At least 132 people have died from a new coronavirus in China following an outbreak in the central city of Wuhan, forcing a government lockdown in almost 20 cities that, in effect, has quarantined an estimated 56 million people.
Nearly 6,000 cases have been reported, most of them in China and especially in Wuhan and nearby cities in Hubei province.
The infection is now more widespread than the 2002-2003 SARS outbreak, which also originated in China, in terms of affected people but not deaths.
Here is what you need to know:
What is coronavirus?
According to the World Health Organization (WHO), coronaviruses are a family of viruses that cause illness ranging from the common cold to more severe diseases such as Middle East Respiratory Syndrome (MERS) and Severe Acute Respiratory Syndrome (SARS).
These viruses were originally transmitted between animals and people. SARS, for instance, was believed to have been transmitted from civet cats to humans while MERS travelled from a type of camel to humans.
Several known coronaviruses are circulating in animals that have not yet infected humans.
The name coronavirus comes from the Latin word corona, meaning crown or halo. Under an electron microscope, the image of the virus is reminiscent of a solar corona.
A novel coronavirus, identified by Chinese authorities on January 7 and named 2019-nCoV, is a new strain that had not been previously identified in humans.

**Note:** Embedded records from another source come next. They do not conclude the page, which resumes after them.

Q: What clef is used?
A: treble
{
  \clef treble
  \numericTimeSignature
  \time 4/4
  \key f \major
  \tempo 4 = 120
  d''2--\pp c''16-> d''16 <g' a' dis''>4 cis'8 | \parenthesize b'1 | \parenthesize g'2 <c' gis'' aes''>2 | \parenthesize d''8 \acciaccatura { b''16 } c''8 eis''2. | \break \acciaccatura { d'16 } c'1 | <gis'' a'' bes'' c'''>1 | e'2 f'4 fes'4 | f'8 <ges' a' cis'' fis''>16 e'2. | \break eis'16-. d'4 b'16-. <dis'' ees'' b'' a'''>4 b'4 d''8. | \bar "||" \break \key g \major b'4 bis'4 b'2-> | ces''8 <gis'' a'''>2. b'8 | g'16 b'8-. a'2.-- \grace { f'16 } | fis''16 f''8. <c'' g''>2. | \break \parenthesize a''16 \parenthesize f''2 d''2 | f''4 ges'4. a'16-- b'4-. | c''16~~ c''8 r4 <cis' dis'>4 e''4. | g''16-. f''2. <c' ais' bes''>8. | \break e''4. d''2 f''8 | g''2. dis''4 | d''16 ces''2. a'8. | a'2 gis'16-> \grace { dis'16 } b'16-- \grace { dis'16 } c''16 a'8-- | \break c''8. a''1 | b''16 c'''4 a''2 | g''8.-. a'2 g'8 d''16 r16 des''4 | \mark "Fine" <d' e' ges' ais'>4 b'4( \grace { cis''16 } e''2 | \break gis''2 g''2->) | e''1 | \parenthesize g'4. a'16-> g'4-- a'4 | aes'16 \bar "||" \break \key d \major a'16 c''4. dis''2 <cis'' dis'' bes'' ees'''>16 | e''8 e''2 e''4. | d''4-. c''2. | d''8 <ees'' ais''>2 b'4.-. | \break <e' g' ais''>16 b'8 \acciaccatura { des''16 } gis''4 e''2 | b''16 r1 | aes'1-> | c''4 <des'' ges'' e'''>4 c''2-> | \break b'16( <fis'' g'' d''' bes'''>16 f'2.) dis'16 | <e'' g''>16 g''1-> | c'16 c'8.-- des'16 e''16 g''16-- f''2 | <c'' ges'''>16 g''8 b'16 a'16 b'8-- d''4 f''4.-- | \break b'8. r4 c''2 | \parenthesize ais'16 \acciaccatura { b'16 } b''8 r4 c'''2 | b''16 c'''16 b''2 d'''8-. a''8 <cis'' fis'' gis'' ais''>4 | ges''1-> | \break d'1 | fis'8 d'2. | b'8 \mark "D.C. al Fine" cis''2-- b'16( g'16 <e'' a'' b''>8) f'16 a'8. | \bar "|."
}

Little is known about it, although human-to-human transmission has been confirmed.
What are the symptoms?
According to the WHO, signs of infection include fever, cough, shortness of breath and breathing difficulties.

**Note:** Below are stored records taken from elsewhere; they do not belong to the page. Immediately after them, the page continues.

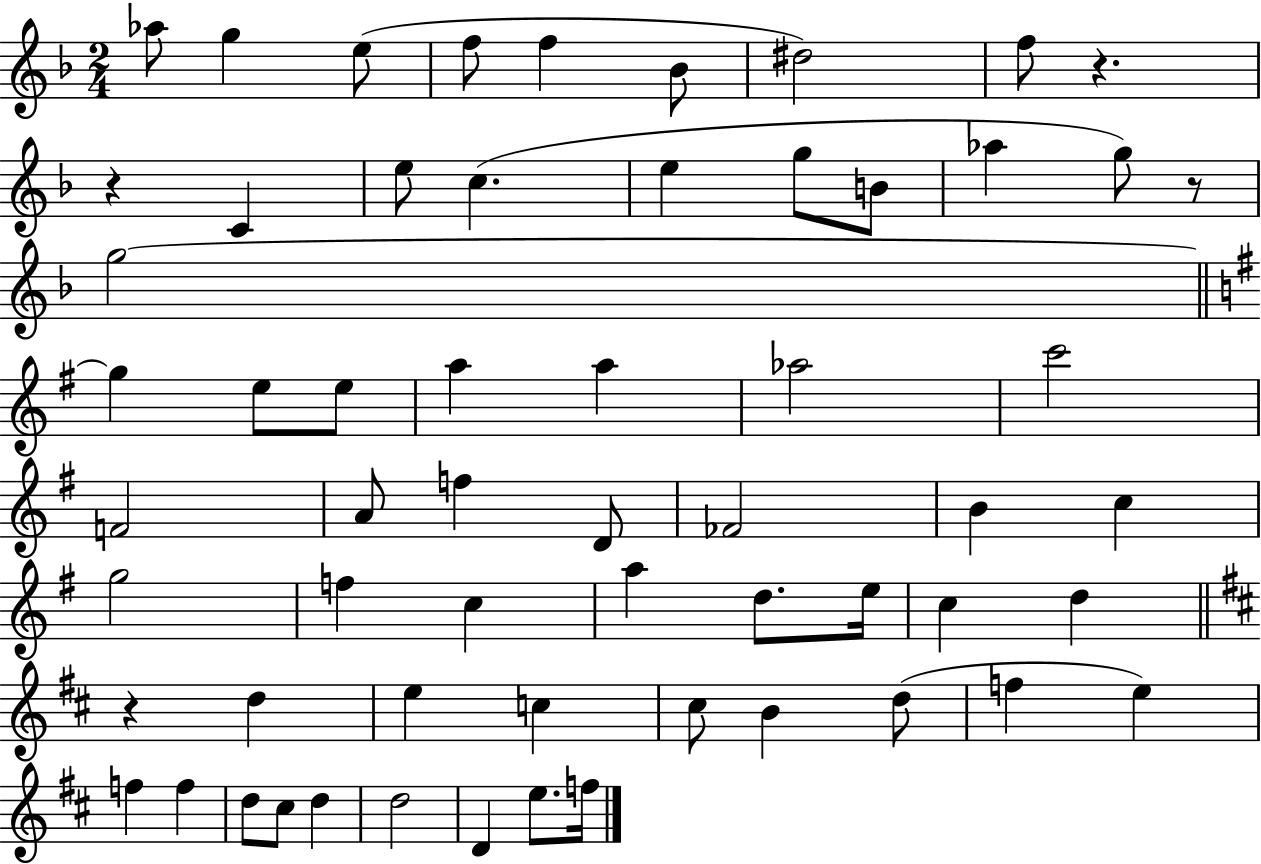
{
  \clef treble
  \numericTimeSignature
  \time 2/4
  \key f \major
  \repeat volta 2 { aes''8 g''4 e''8( | f''8 f''4 bes'8 | dis''2) | f''8 r4. | \break r4 c'4 | e''8 c''4.( | e''4 g''8 b'8 | aes''4 g''8) r8 | \break g''2~~ | \bar "||" \break \key g \major g''4 e''8 e''8 | a''4 a''4 | aes''2 | c'''2 | \break f'2 | a'8 f''4 d'8 | fes'2 | b'4 c''4 | \break g''2 | f''4 c''4 | a''4 d''8. e''16 | c''4 d''4 | \break \bar "||" \break \key d \major r4 d''4 | e''4 c''4 | cis''8 b'4 d''8( | f''4 e''4) | \break f''4 f''4 | d''8 cis''8 d''4 | d''2 | d'4 e''8. f''16 | \break } \bar "|."
}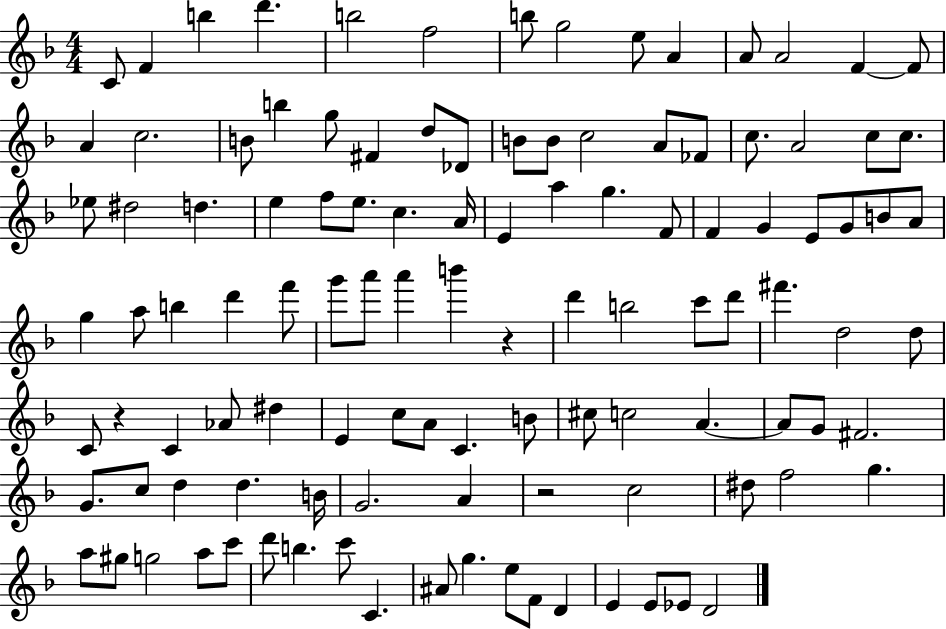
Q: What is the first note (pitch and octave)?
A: C4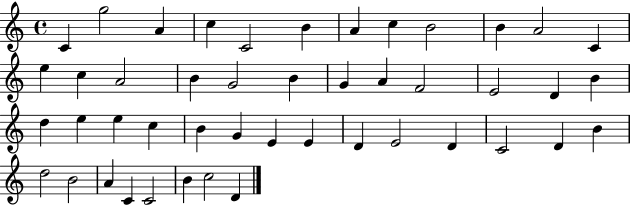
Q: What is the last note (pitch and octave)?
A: D4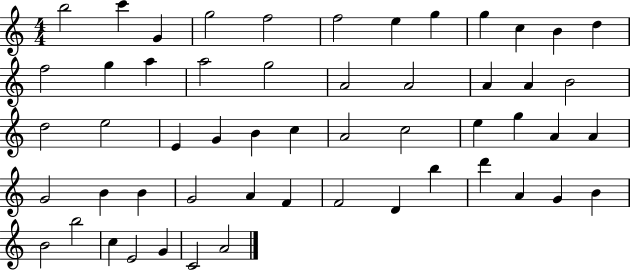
{
  \clef treble
  \numericTimeSignature
  \time 4/4
  \key c \major
  b''2 c'''4 g'4 | g''2 f''2 | f''2 e''4 g''4 | g''4 c''4 b'4 d''4 | \break f''2 g''4 a''4 | a''2 g''2 | a'2 a'2 | a'4 a'4 b'2 | \break d''2 e''2 | e'4 g'4 b'4 c''4 | a'2 c''2 | e''4 g''4 a'4 a'4 | \break g'2 b'4 b'4 | g'2 a'4 f'4 | f'2 d'4 b''4 | d'''4 a'4 g'4 b'4 | \break b'2 b''2 | c''4 e'2 g'4 | c'2 a'2 | \bar "|."
}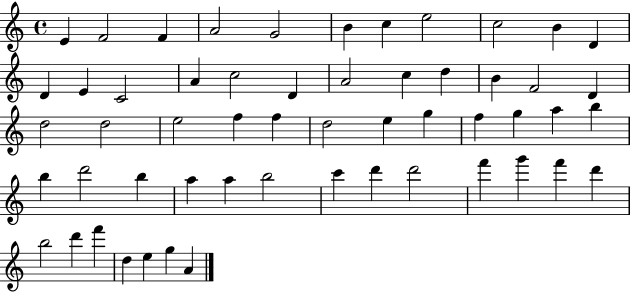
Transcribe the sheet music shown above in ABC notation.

X:1
T:Untitled
M:4/4
L:1/4
K:C
E F2 F A2 G2 B c e2 c2 B D D E C2 A c2 D A2 c d B F2 D d2 d2 e2 f f d2 e g f g a b b d'2 b a a b2 c' d' d'2 f' g' f' d' b2 d' f' d e g A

In more severe cases, it can lead to pneumonia, severe acute respiratory syndrome, kidney failure and even death.
The incubation period of the coronavirus remains unknown. Some sources say it could be between 10 and 14 days.
How deadly is it?
Some experts say it may not be as deadly as other types of coronavirus such as SARS, which killed nearly 800 people worldwide, more than 300 in China alone – during a 2002-03 outbreak that also originated from China.
MERS, which did not spread as widely, was more deadly, killing one-third of those it infected.

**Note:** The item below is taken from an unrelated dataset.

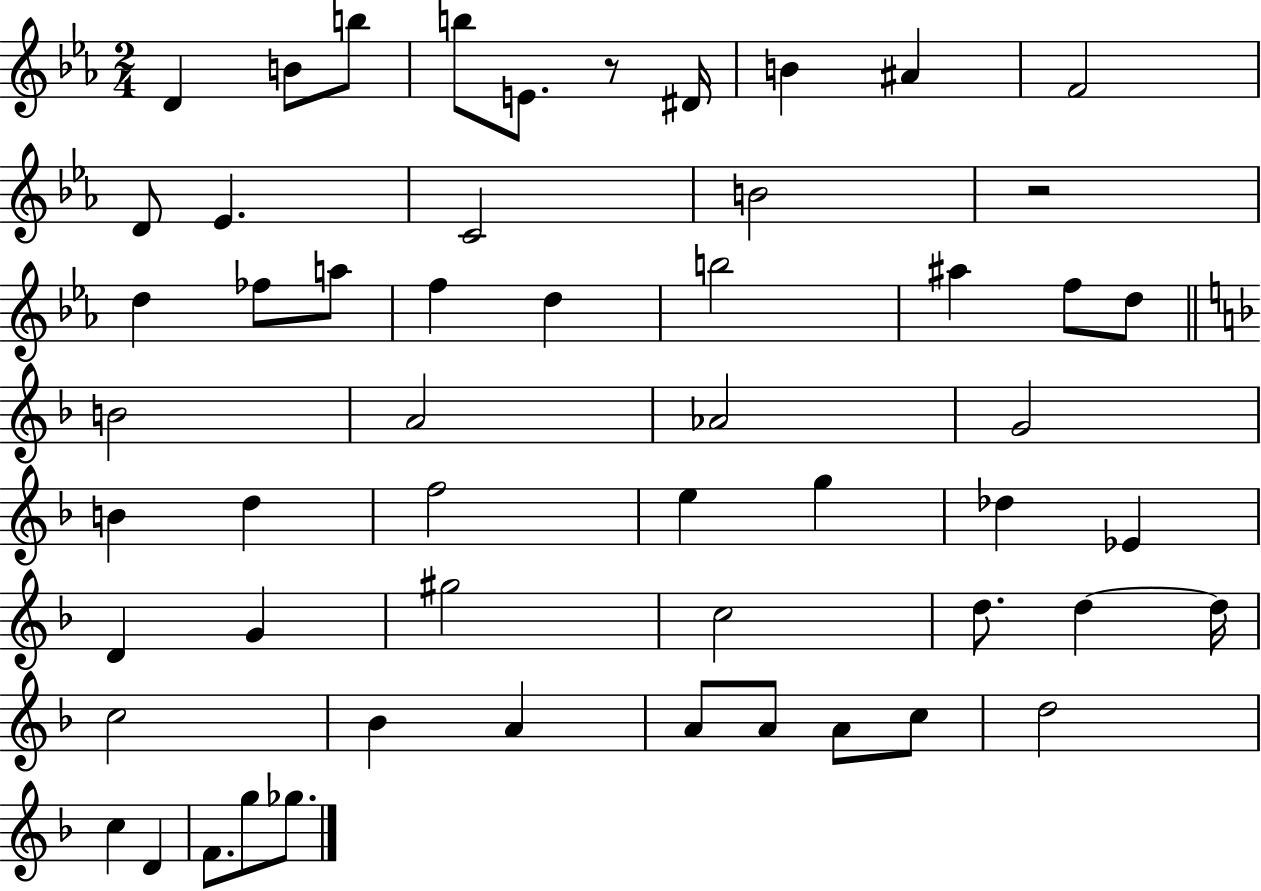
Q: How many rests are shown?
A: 2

In China, however, at almost 6,000 cases, the infection is more widespread than SARS in terms of case numbers.
Where have cases been reported?
Most cases have been reported in China.
All deaths have been in China – the vast majority in Hubei province.
The virus has spread to many Asian countries, as well as Australia, Europe and North America. Nearly all of the dozens of cases outside China are among people who recently travelled there.
Read more about which countries have confirmed cases here.
What is being done to stop it spreading?
There is no vaccine yet for the new virus.
Chinese authorities have effectively sealed off Wuhan, state media said.
The move was meant to “resolutely contain the momentum of the epidemic spreading” and protect lives, the central city’s special command centre against the virus said, according to state broadcaster CCTV.
More than a dozen other Chinese cities also adopted transport restrictions, affecting 56 million people.
Several airlines, including United Airlines and British Airways, have cancelled flights to China.
Airports around the world have introduced screening measures and some countries are working to evacuate their citizens from Wuhan.
Where did the virus originate?
Chinese health authorities are still trying to determine the origin of the virus, which they say came from a seafood market in Wuhan where wildlife was also traded illegally.
The WHO also says an animal source appears most likely to be the primary source of the outbreak.
Snakes – including the Chinese krait and the cobra – may be the source of the newly discovered virus, according to Chinese scientists.
Is this a global emergency?
The outbreak does not yet constitute a global emergency, the WHO has said.
WHO chief Tedros Adhanom Ghebreyesus has said the decision to hold off on issuing the declaration used for the gravest epidemics should not be taken as a sign that the body does not think the situation is serious.
“This is an emergency in China, but it has not yet become a global health emergency,” he told reporters.
There have been five global health emergencies since 2005 when the declaration was formalised – swine flu in 2009; polio in 2014; Ebola in 2014; Zika in 2016 and Ebola again in 2019.